Four University of Cape Town (UCT) Information Systems (IS) honours students won the Cyber 9/12 Strategy Challenge – an international cybersecurity policy competition. The event was hosted by the Atlantic Council and UCT’s Cybersecurity Capacity Centre for Southern Africa (C3SA). The UCT team also developed the best cybersecurity policy brief to address ransomware attacks.
UCT students went through four rounds which started with 40 universities across the continent and ended with only 10 teams that participated in the final round. The competition was hosted in Monkey Valley Resort, Noordhoek, Cape Town. Teams were given a fictional escalating ransomware attack that occurred in the African Credit Union, and which needed a cybersecurity policy strategy. The teams had to submit policy briefs and decision documents and then had to defend their strategies through a presentation for the panel of judges composed of cybersecurity experts from the Global Forum on Cyber Expertise, Cyber4Dev, and the Global Cyber Security Capacity Centre.
“The competition was an experience of a lifetime. For me, just the exposure and the opportunity to learn about cybersecurity from global leaders was immeasurable,” said Mogammad Brinkhuis.
“Apart from taking part in the competition and presenting to a group of leading experts on the topic, listening to keynote speakers such as Professor Basie von Solms from the University of Johannesburg as well as people like Enrico Calandro from Cyber4dev and Zainab Ruhwanya from UCT all opened my mind up to a whole new world; a world which is running concurrently to that of the digital world we find ourselves in today.”
About the challenge
The Cyber 9/12 Strategy Challenge is an annual cyber policy and strategy competition where students from across the globe compete in developing policy recommendations tackling a fictional cyber catastrophe. The competition is a project of the Atlantic Council’s Cyber Statecraft Initiative.
Through its unique crisis scenario format, mentorship, recruiting, and networking opportunities, the Cyber 9/12 Strategy Challenge has expanded its global reach. Through these competitions, the Cyber 9/12 Strategy Challenge develops a pipeline for the next generation of cyber policy makers and will continue to grow as a global community of multidisciplinary cybersecurity professionals.
When reflecting on their experience at the competition, Cameron-Grant Royine said: “Taking part in the Cyber 9/12 Challenge was a very insightful experience.

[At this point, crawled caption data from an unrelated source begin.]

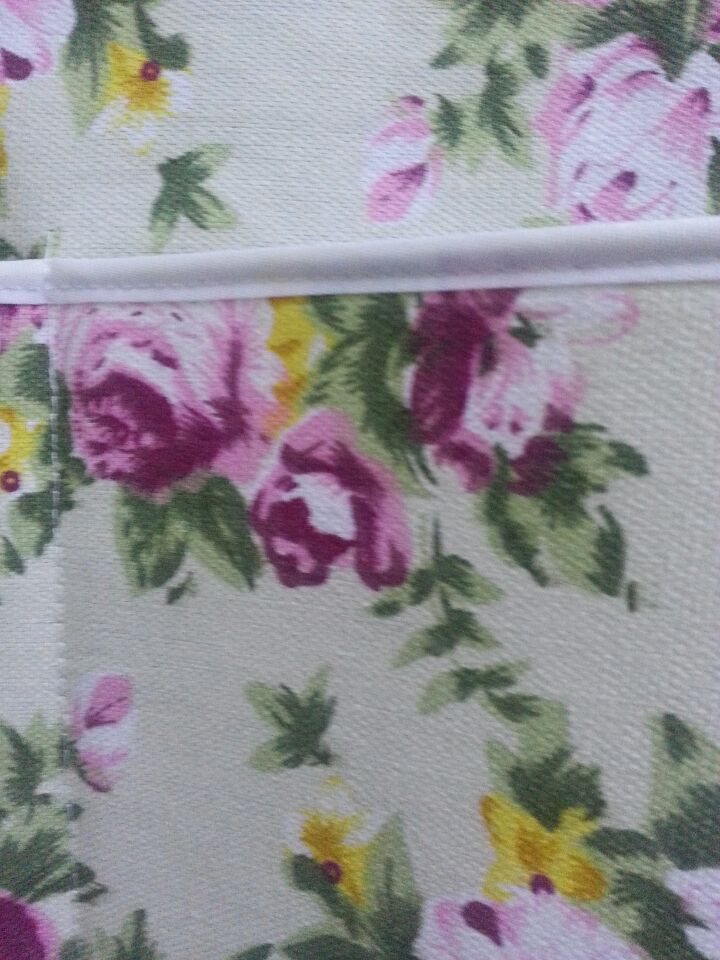 Self-Produced And Self-Marketing Cotton Canvas Sand Washing Cotton Cloth Refrigerator Dust Cover Refrigerator Towel Specification drawing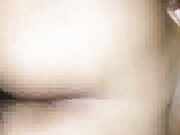 Watching my wife in a trio with 2 black boys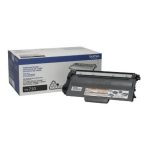 TONER BROTHER TN 750 ORIGINAL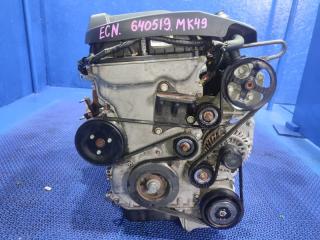 Двигатель JEEP PATRIOT MK74 ECN CD560315 1 ракурс Двигатель JEEP PATRIOT MK74 ECN CD560315 1 ракурс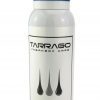 Tarrago Sneakers Protector Imprägnierer ohne Treibgas 125 ml – Bild 2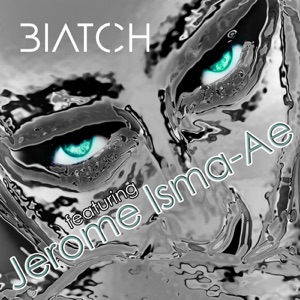 Electric Kiss (Jerome Isma-Ae Dub Mix) [feat. Jerome Isma-Ae] - Single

I enjoyed the strategic planning sessions with my team. At 02:00, when we came up with the most out-of-the-box solutions to combating international cybercrime and presented these ideas to a panel of judges later that day. It was also great networking with like-minded students from different universities across the continent.”

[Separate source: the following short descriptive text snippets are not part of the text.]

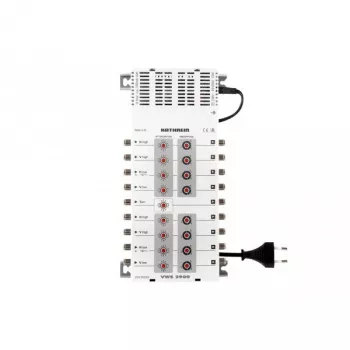 Satelitný multiswitch Kathrein VWS 2900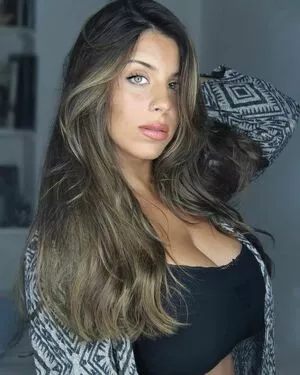 Tami Bar / tami__bar / tamiibabie nude photo #0334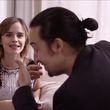 EmmaWatsonFan-nl_2016HeForSheLin-ManuelMirandaInterview1571.jpg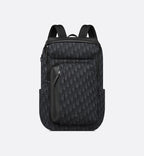 Sac à dos zippé Rider Soft - #2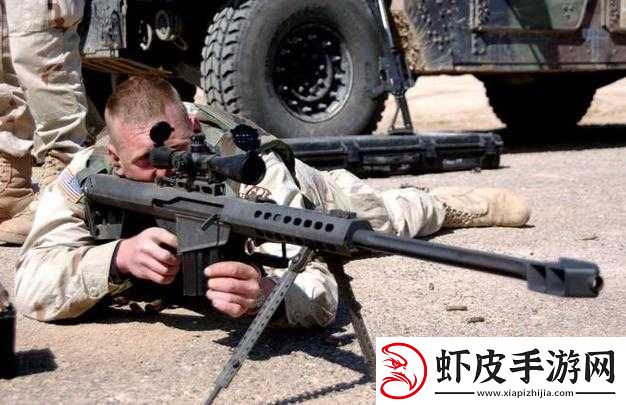 终结者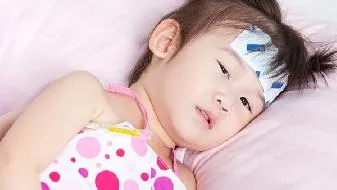 新生儿溶血怎么治疗 新生儿溶血能痊愈吗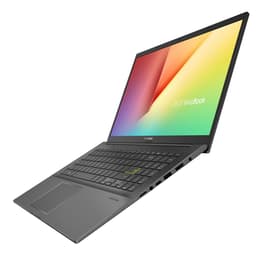 Asus VivoBook 15 K513EA-BN1439T 15" Core i7 2,8 GHz - SSD 512 GB - 16GB Tastiera Spagnolo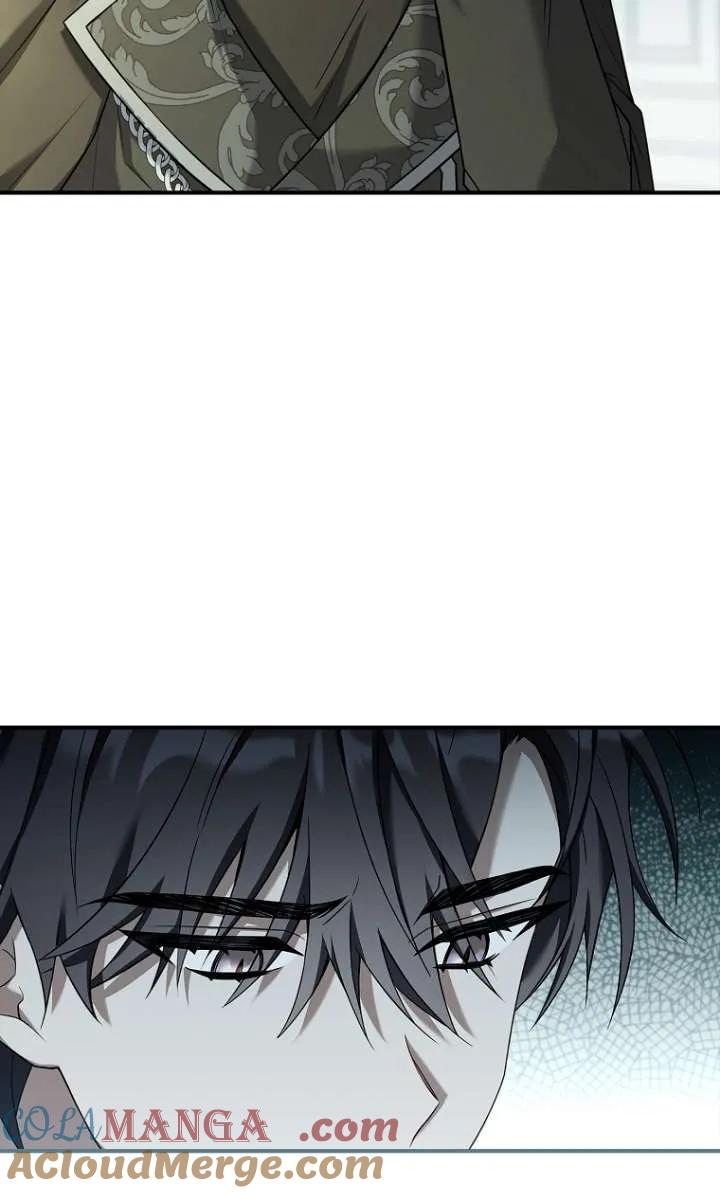 已关闭痛觉设置 - 第08话 - 第65张图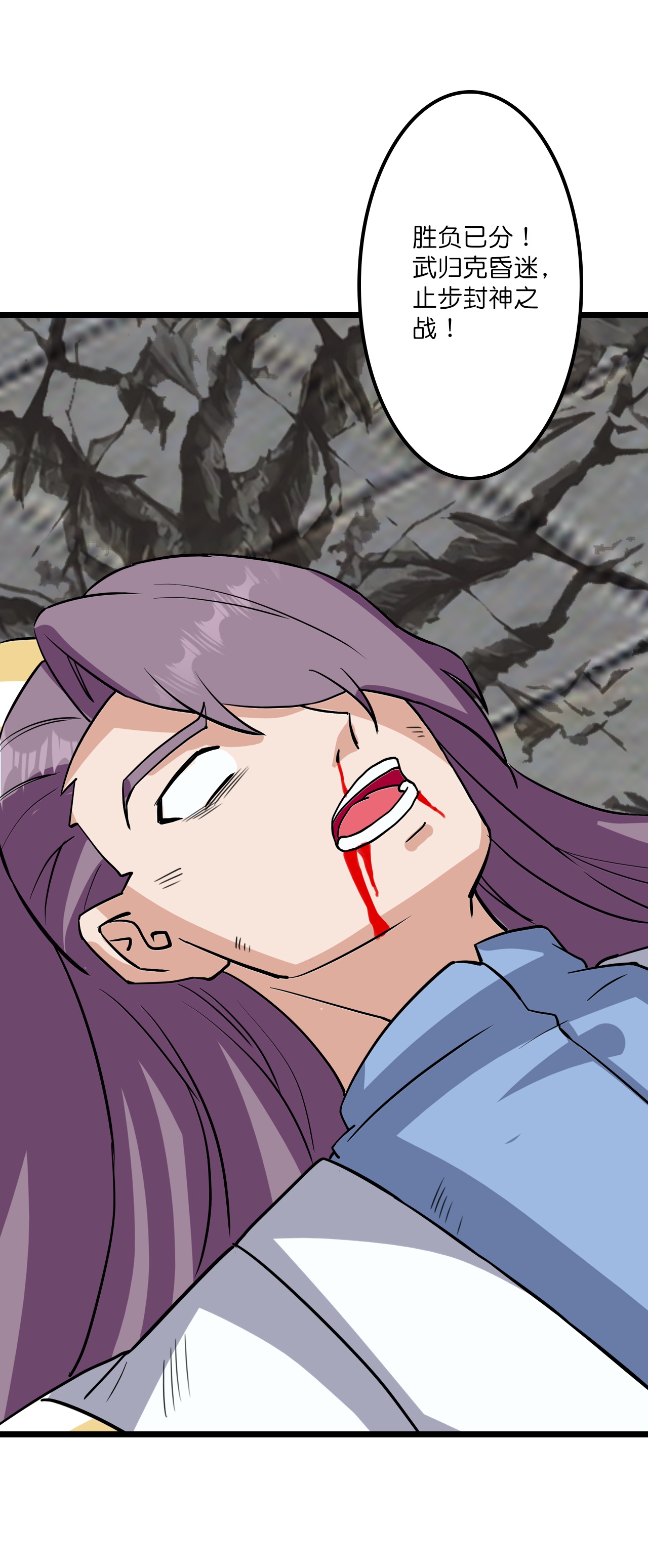 38.jpg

The competition, according to the UCT team, was more of an awareness initiative into the wealth of opportunities that lie in a cybersecurity career. They also stressed the need for the university to have more cybersecurity programmes at the degree level.

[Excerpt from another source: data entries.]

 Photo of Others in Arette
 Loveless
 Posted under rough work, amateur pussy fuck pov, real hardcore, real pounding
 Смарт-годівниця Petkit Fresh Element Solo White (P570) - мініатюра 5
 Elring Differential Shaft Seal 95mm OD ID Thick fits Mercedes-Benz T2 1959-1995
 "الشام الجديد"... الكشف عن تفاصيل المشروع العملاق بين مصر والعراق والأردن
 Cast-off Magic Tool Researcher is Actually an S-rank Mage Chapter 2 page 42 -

Papama Mtambeka said: “The competition was a great eye-opener for cybersecurity challenges. Questions from the judges provided lessons about some of our blind spots when it comes to approaches to solving data breaches and losses. Also, we learnt that when dealing with ransomware or any cyberattack, time is of the essence.”
“We use competitions to immerse students into the real world of cybersecurity and its wicked consequences on society’s digital life.”
Adding to this, Professor Wallace Chigona, the director of C3SA, said: “We owe our success to collaborative efforts from the Atlantic Council, Cyber4Dev and ABSA that came through with competition sponsorship. For C3SA, cybersecurity competitions are part of capacity building. As we battle with sophisticated cybercrimes in the continent, the time has come to strengthen our capacity to counter the attacks. We use competitions to immerse students into the real world of cybersecurity and its wicked consequences on society’s digital life. Although imaginary, our scenarios were created from attacks that have been carried out in African organisations.”